Crypto-enthusiasts themselves exemplify this money-mindedness, and not just in the hardline monetarist ideologies that underpin their worldview. They are notorious gluttons for information, gorging themselves on Substacks and Discord content, ritually checking the countless data sites that aggregate prices and trading volumes for every viable coin. They must be vigilant, because anarchy and uncertainty are the whole point. Every crypto-holder is a person alone, their wealth resting on abstract protocols rather than any trust-based system. They place the burden on themselves willingly, seeing it as a kind of emancipation, a psychic free state that they can inhabit, like a boat in international waters. They trust themselves to survive this chaotic state of affairs through the sheer dint of their hyper-awareness. If they can keep their grip on things, and watch closely the obscure movements of their holdings, they can endure crypto’s worst excesses: the hacks, the rug-pulls, and the cascading liquidity crises.
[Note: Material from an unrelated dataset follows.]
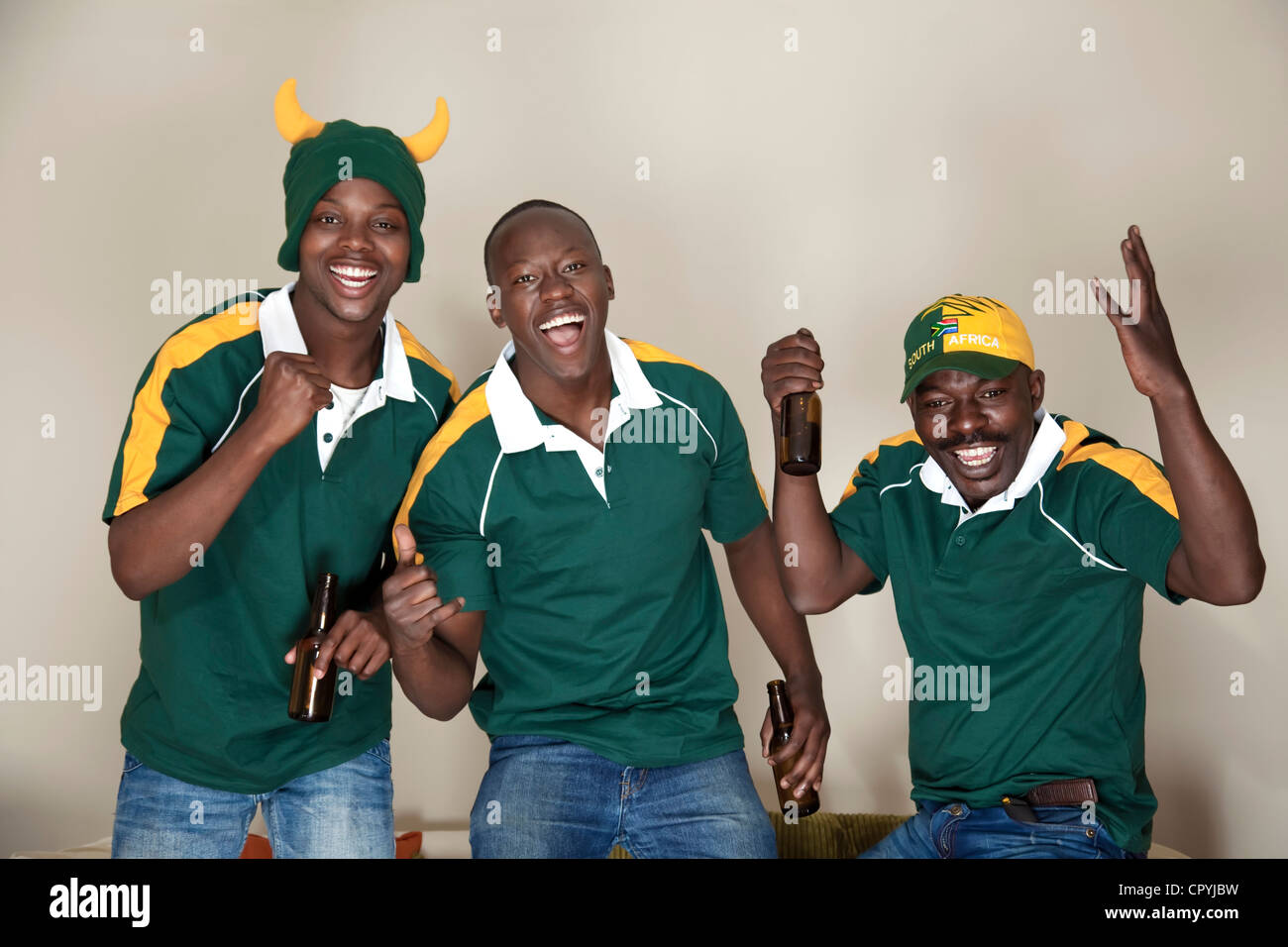 Three friends dressed in rugby uniforms watch a rugby game on TV whilst ...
Taking a que from the crypto industry, more established tech companies like Meta aspire to a similar all-encompassing relationship with their customers. The company formerly known as Facebook has attempted two major strategic pivots in recent years. The first was an attempt to launch a proprietary digital currency called Diem, and the second was its embrace of the so-called Metaverse. The former was effectively squashed by signals from Capitol Hill that it would not pass regulatory muster, but Meta continues to push ahead with plans to monetize and financialize the nascent Metaverse. Both projects reflect a desire to erase the boundary between life and its financial substrate, and completely control rather than simply mediate our relationship with money. In the Metaverse, which is effectively a game stripped of game mechanics, your nominal financial status becomes the only identity that really matters.
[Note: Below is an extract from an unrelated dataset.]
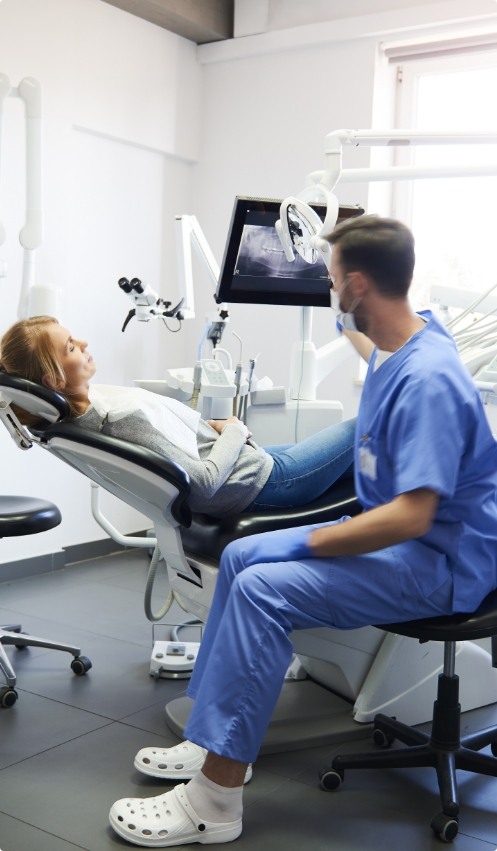 Dentist talking to a patient in the treatment chair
Whether the metaverse succeeds or fails, it’s clear now that tech companies are trying to cultivate a new kind of capitalist subject. You must be informed, engaged, and fully immersed. You cannot squint. You must look and keep looking, or else their tenuous domination falls apart.
Tech companies pitch their shiny new tools as a kind of work-around or cheat code to navigate an increasingly precarious world, but their promises of independence and security are in fact drawing us closer to the beating heart of the financial economy. They are making us more dependent and complicit, all while requiring the utmost attention and effort—like being asked not only to dig your own grave but to engrave your own headstone. They will say this is better, because this is the world we live in, and adaptation is better than annihilation, but it should be clear now what they are laying the groundwork for: the idea that you might just have made it, if only you had paid more attention.
Alex Vuocolo is a New York City-based business reporter. He currently writes about the Federal Reserve, cryptocurrencies, and inflation for Cheddar News.